Reality has thus gone beyond the
dreams of this llama shepherd
born in 1959, whose greatest
dream as a child was to be able
to travel in one of the buses
that agitated the herd he and
his father led on the frozen
Andean altiplano (high plateau).
Neither his house nor his town
had electric power or drinking
water and, he recalled, he did
his homework on a pile of adobe,
by candlelight, seated on a
piece of sheepskin.
Later he lived in Oruro, capital
of the region bearing the same
name, where he alternated jobs
as brick maker, baker and
trumpet player. His passion has
always been soccer.
His priority then was to
survive.
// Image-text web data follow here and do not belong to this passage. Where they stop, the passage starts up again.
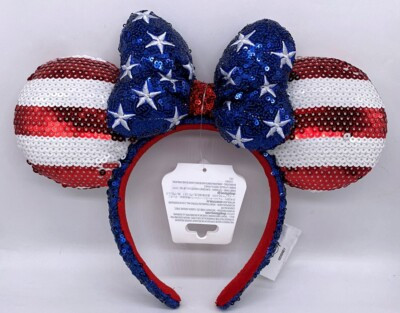 Disney 4th of July Americana USA Flag Red White Blue Minnie Mouse Ears Headband | eBay | eBay US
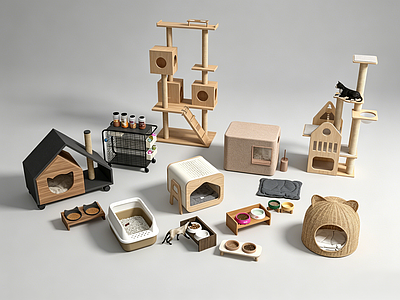 日式原木其他宠物用品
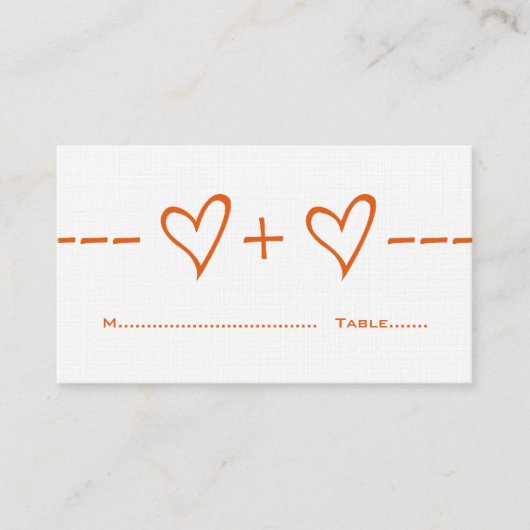 Orange Heart Equation Platzkarte (Vorderseite)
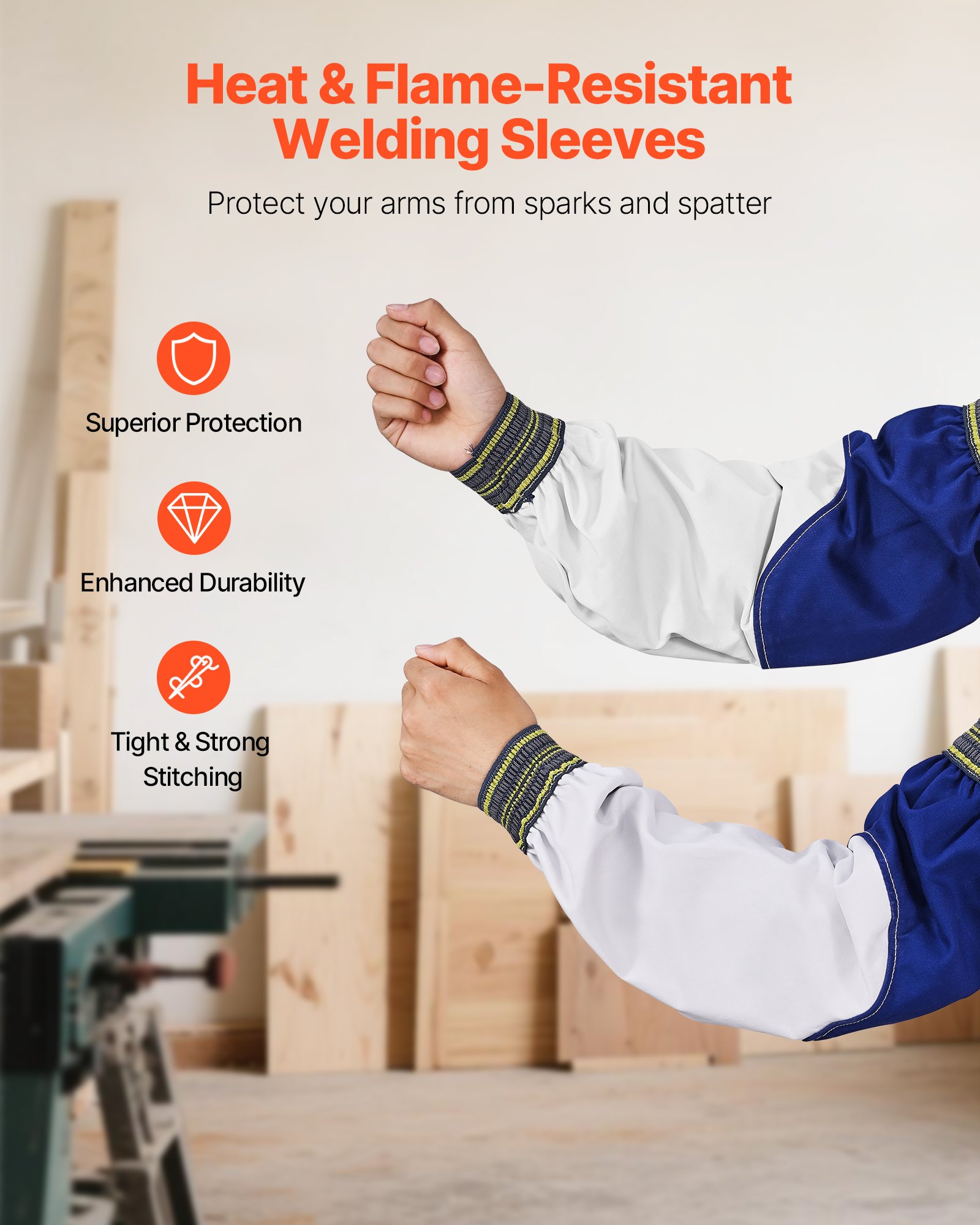 VEVOR Flame Resistant Welding Sleeves, Heavy Duty Sheepskin & FR Cotton Arm Protection Sleeves for Men Women, Heat Resistant with Elastic Cuffs for Welding, Woodworking, Blacksmithing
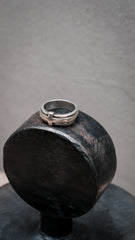 Sterling Silver 925 Cross Bar Wrap Band Ring 純銀 十字橫扣雙溝紋戒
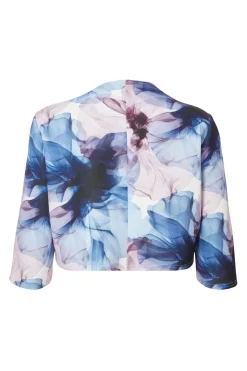Quiz Curve Light Blue Floral Cropped Jacket Online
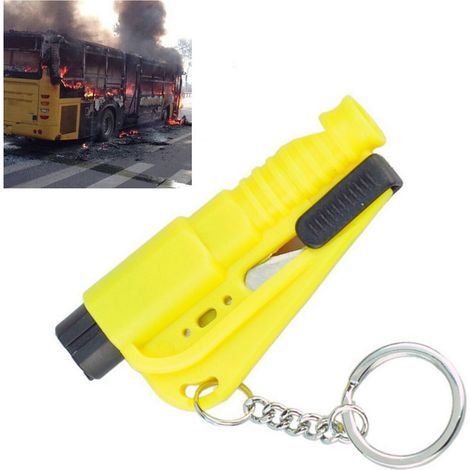 Marteau de sécurité jaune brise-vitre 3-en-1 multifonction pour urgence auto - mini outil de sauvetage fenêtre véhicule (1/5)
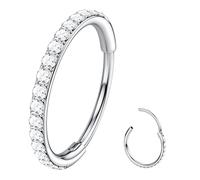 BodyBonita Nasenring Hoops - 316L Edelstah Nasenpiercings 20G/20G/20G CZ Conch Helix Piercings Schmuck Septum Piercing Knorpel Ohrring Rook Tragus Daith 12 mm Silber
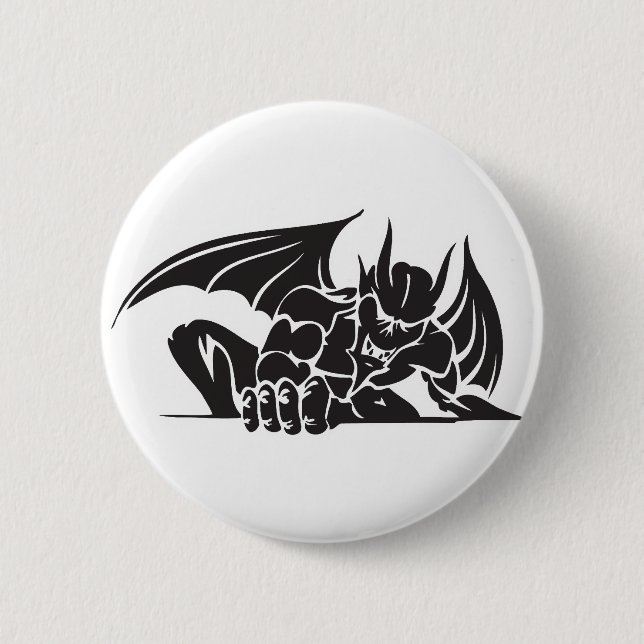Badge Rond 5 Cm conception de la gargouille tribale (Devant)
He owes his subsequent
training to what he describes as
the university of life,
including military service when
he was 17.
He was mistreated as a
conscript, and he was shocked by
abuses committed by the
dictatorship of Hugo Banzer,
whose political heir, Jorge
Quiroga, is his main rival in
the elections on Sunday.
The hunger-driven emigration of
his family to coca-producing
central areas in El Chapare was
crucial to his fate as it helped
mold his consciousness and forge
him as a leader.
His leadership role began in
1983 when he was elected sports
secretary by his coca farmers
union, thus launching an
extraordinary career that
culminated in 1996 with his
election as president of the
Coordinating Committee of the
six federations of coca growers.
The title of "coca leader" comes
from that time. It has been used
by those who want to reduce his
dimension and avoid the fact
that Morales has become a
popular, political leader of
national importance, who
transcended coca growers a long
time ago.
Washington hostility has reached
the point of describing Morales,
who is the leader of the
Movement towards Socialism (MAS)
as a threat to US interests
along with Presidents of Cuba
and Venezuela Fidel Castro and
Hugo Chavez, which Morales
considers an honor.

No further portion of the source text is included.